---- The data

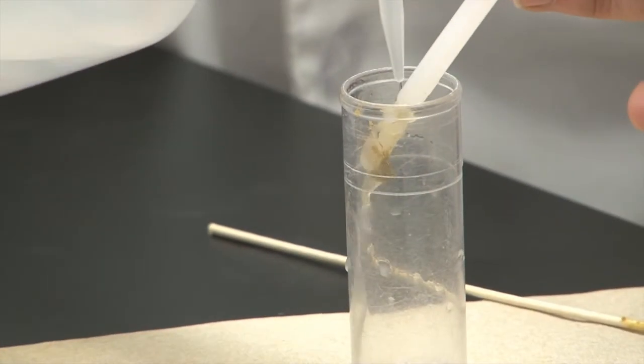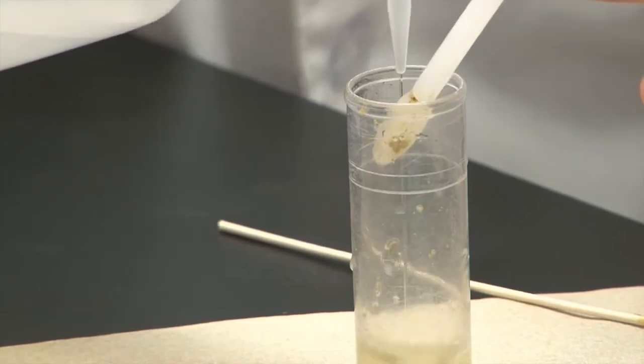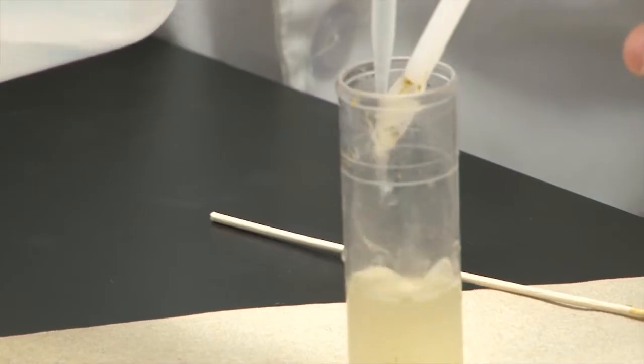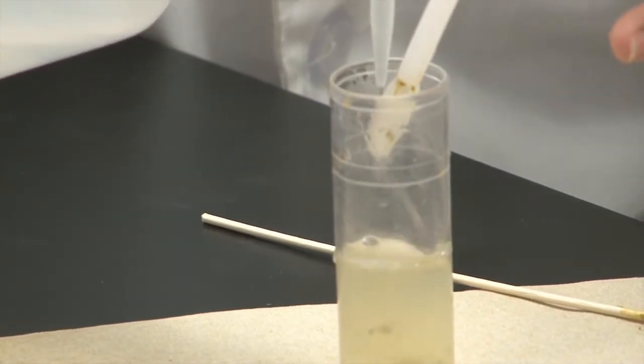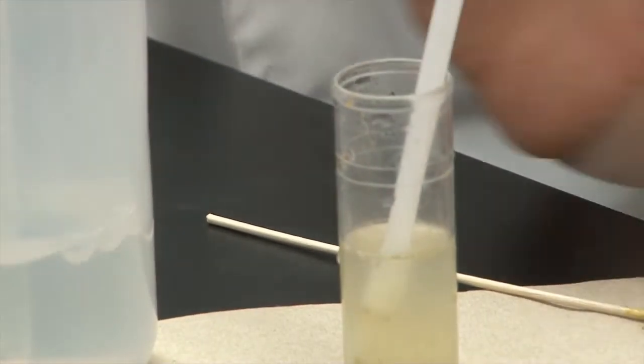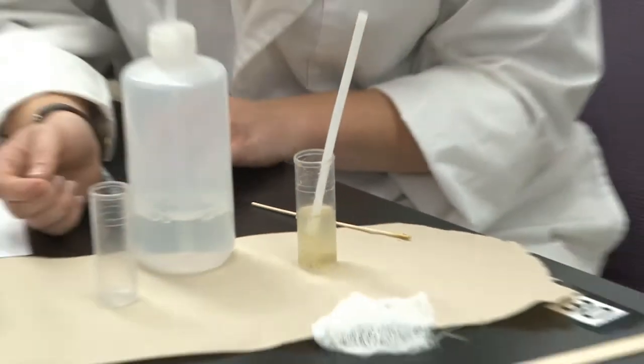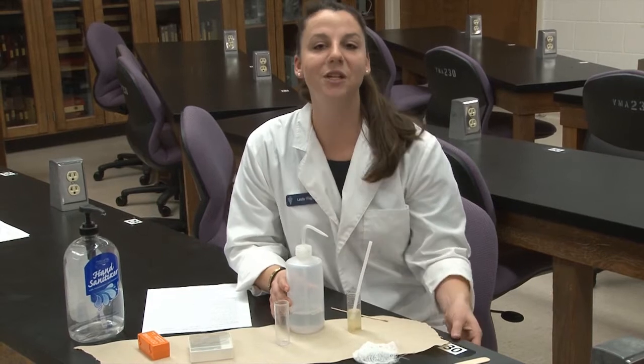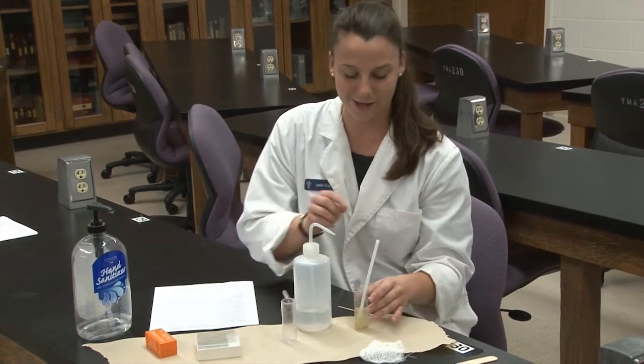You're going to fill this first vial with your sample about halfway with water or with flotation material. Some clinics prefer to use different flotations. You'll see sodium fluoride very commonly, which is just salt water. Sometimes you see zinc sulfate, and sometimes you even see sugar water, which is really thick and kind of fun to work with.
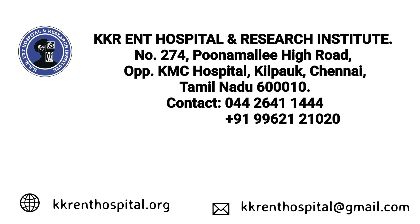Eustachian tuboplasty is still an emerging procedure. We at the KKR ENT hospital are still evaluating the benefits and long-term results of eustachian tuboplasty. Thank you for your patient listening.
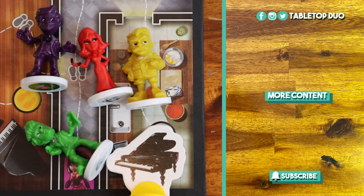And that's how you play Clue Jr. If you like Clue, check these other Clue games on the right. Thanks for watching and see you next time.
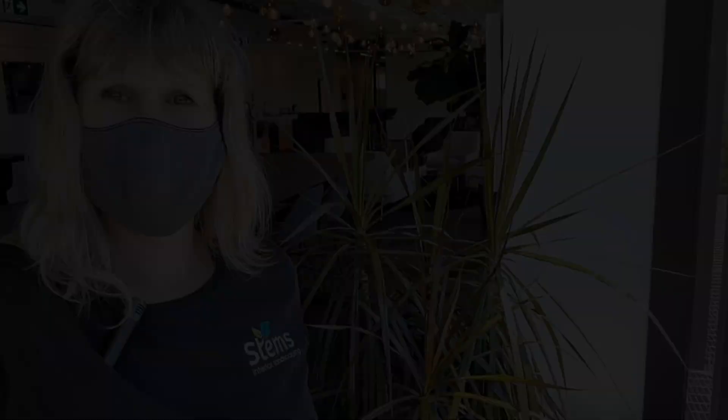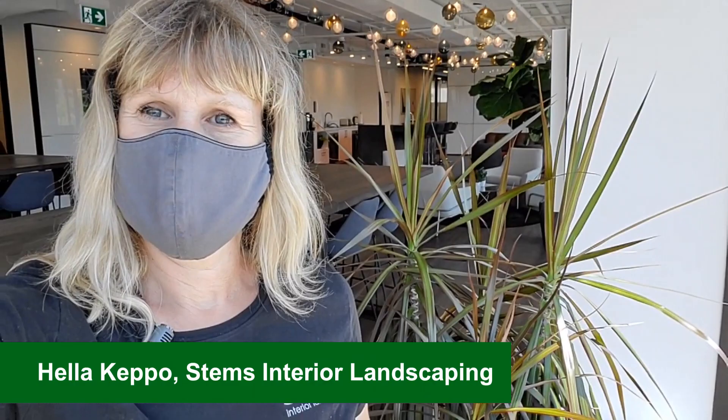So there's a little tip for getting mealybug off your marginatas. Now that I've cleaned off the marginata, the plant will be fine again. Have a green day!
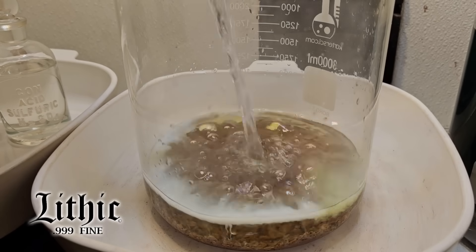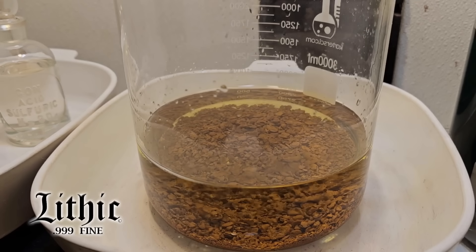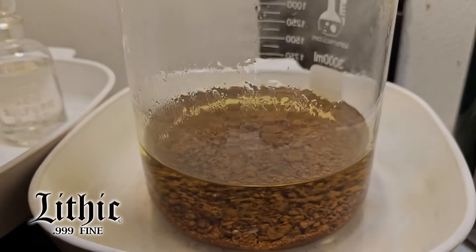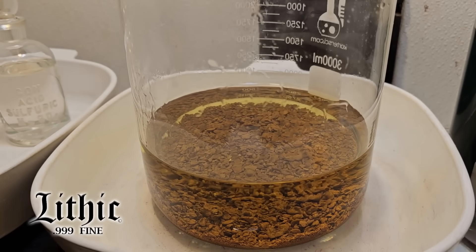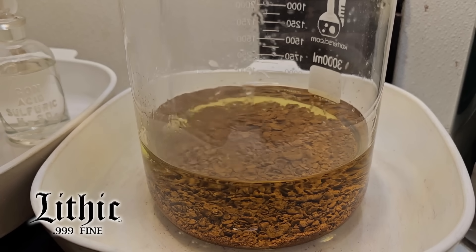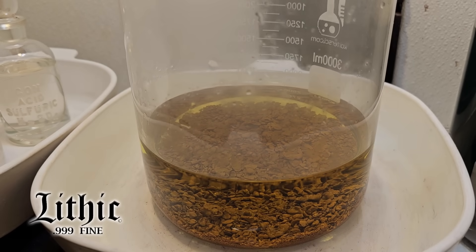Now I'm adding hydrochloric acid, and you see that reaction — it immediately turns yellow, which is an indicator that there are still free nitrates, and that gold immediately went into solution. That white frothiness at the beginning was a reaction to the traces of silver still in solution. So I already know I have traces of base metals in there that I have to get out.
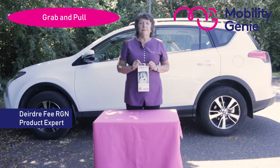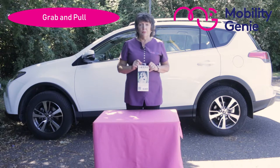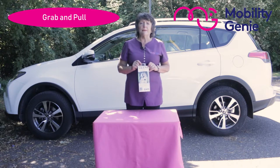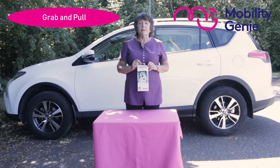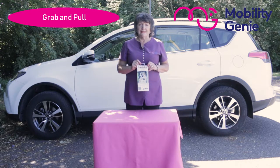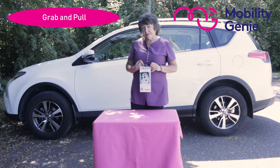Deirdre from Mobility Genie. At Mobility Genie we recommend the grab and pull. It's a snap-on attachment that makes your seat belt easier to reach. At Mobility Genie we're constantly being asked for a solution to the problem that a person may have when they've had shoulder surgery, or if they have arthritis or a back injury and they can't reach and twist easily to catch the seat belt. So it reduces the strain when twisting to reach for the seat belt.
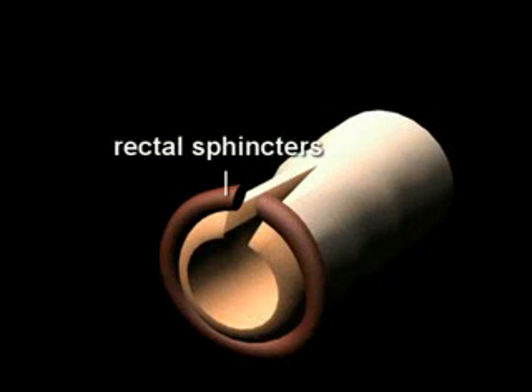The third degree laceration results in the tearing of the external and internal rectal sphincters, and the fourth degree tear involves the rectal mucosa.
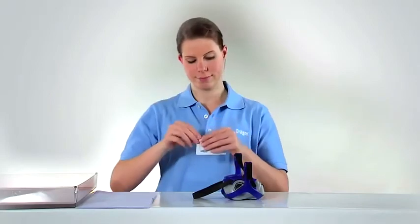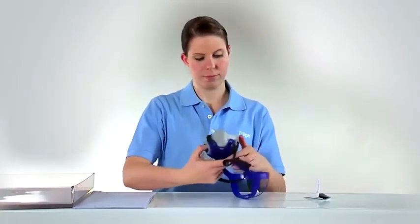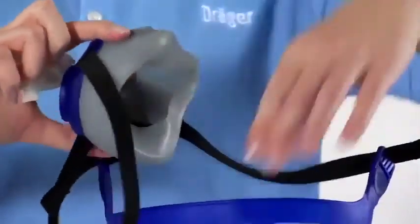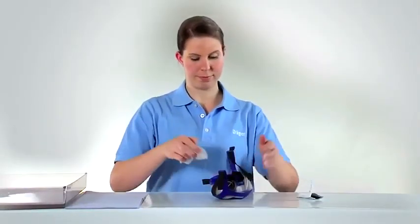When your equipment needs a quick clean, for example in training situations or during breaks, you can use an alcohol-free respirator wipe. Please note that this does not replace cleaning procedures described in the IFU. This cleaning method should only be used temporarily in situations where the mask is used by one individual.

--------

## Task objective
Extract the lines exactly, please: the first line of the listing, the line with "Now I'm adding", and every line between them, but no pictures.

## Solution to this problem
You're going to fill this first vial with your sample about halfway with water or with flotation material. Some clinics prefer to use different flotations. You'll see sodium fluoride very commonly, which is just salt water. Sometimes you see zinc sulfate, and sometimes you even see sugar water, which is really thick and kind of fun to work with.
Eustachian tuboplasty is still an emerging procedure. We at the KKR ENT hospital are still evaluating the benefits and long-term results of eustachian tuboplasty. Thank you for your patient listening.
And that's how you play Clue Jr. If you like Clue, check these other Clue games on the right. Thanks for watching and see you next time.
So there's a little tip for getting mealybug off your marginatas. Now that I've cleaned off the marginata, the plant will be fine again. Have a green day!
Now I'm adding hydrochloric acid, and you see that reaction — it immediately turns yellow, which is an indicator that there are still free nitrates, and that gold immediately went into solution. That white frothiness at the beginning was a reaction to the traces of silver still in solution. So I already know I have traces of base metals in there that I have to get out.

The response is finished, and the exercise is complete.